Chapitre 5 : Lou
Alice
J'avançai d'un pas rapide, à travers la ville, un seul but en tête rejoindre Lou le plus vite possible. Les rues désemplissaient peu à peu. Chacun retournait à son foyer, pressé et heureux, en cette fin de semaine, de retrouver son confort. Malgré la fatigue qui se lisait sur les visages des passants, une certaine allégresse semblait flotter dans les airs, n'épargnant personne. Le soleil finissait sa course folle, donnant au ciel une teinte mauve-orangée. Le fond de l'air se rafraichissait.

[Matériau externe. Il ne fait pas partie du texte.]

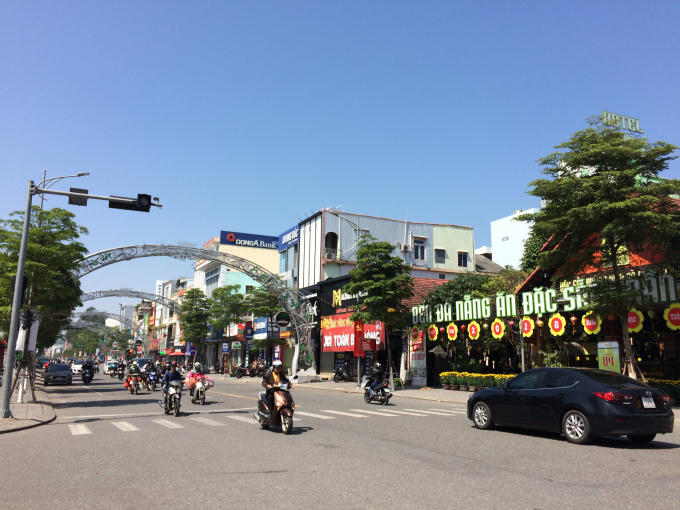 Trục đường Yên Bái - Lê Duẩn cũng ít hẳn ngươi so với ngày thường.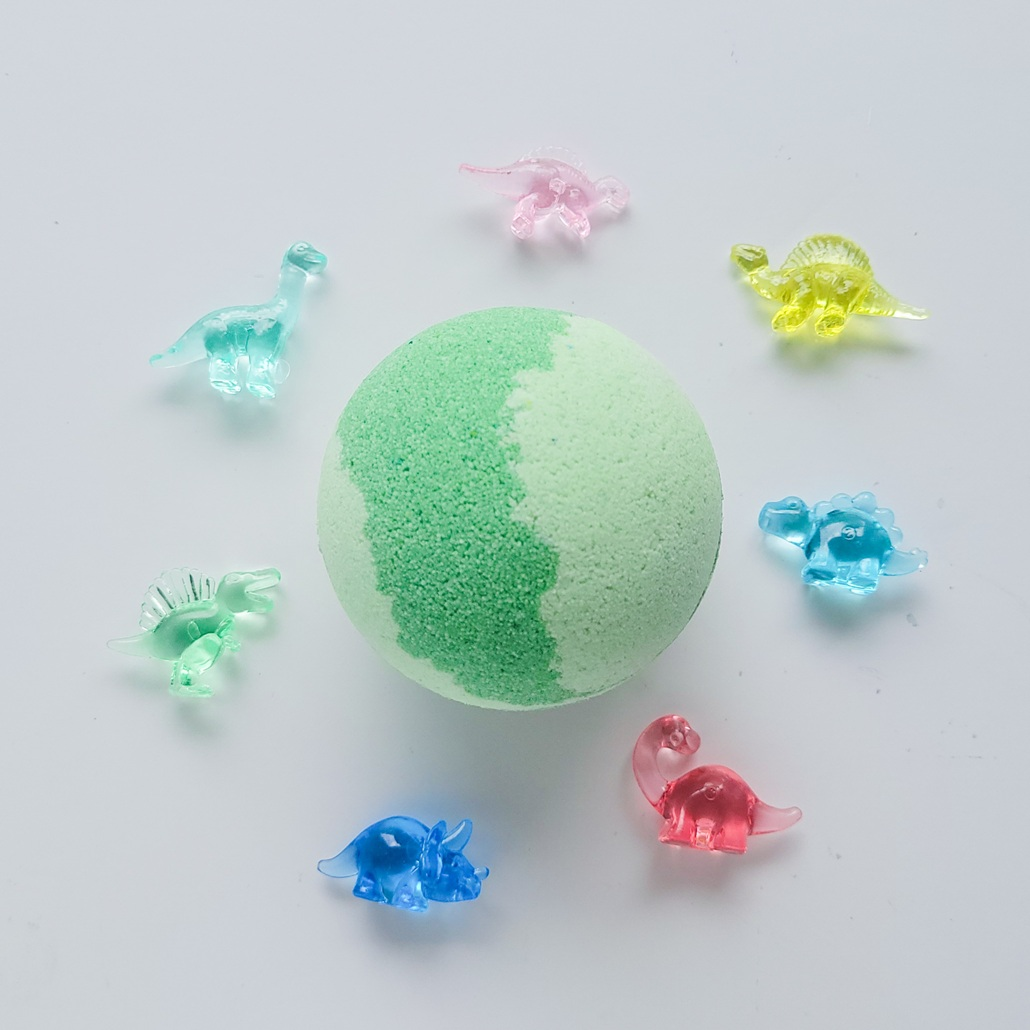 Liola Luxuries Toy Bath Bomb dinosaur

Je pris ma veste et la drapai d'un simple geste sur mes épaules, sans même prendre le temps de ralentir. J'enroulai prestement mon écharpe autour de mon cou, appréciant le doux contact de l'étoffe sur ma peau nue. J'humais l'air, sentant cette odeur familière et rassurante s'échappant de l'étole mélée à celle, plus ténue, de la ville environnante. Je gravis, quatre à quatre, les escaliers interminables menant au lycée, ne pouvant m'empêcher de penser à ma première rencontre avec Louise.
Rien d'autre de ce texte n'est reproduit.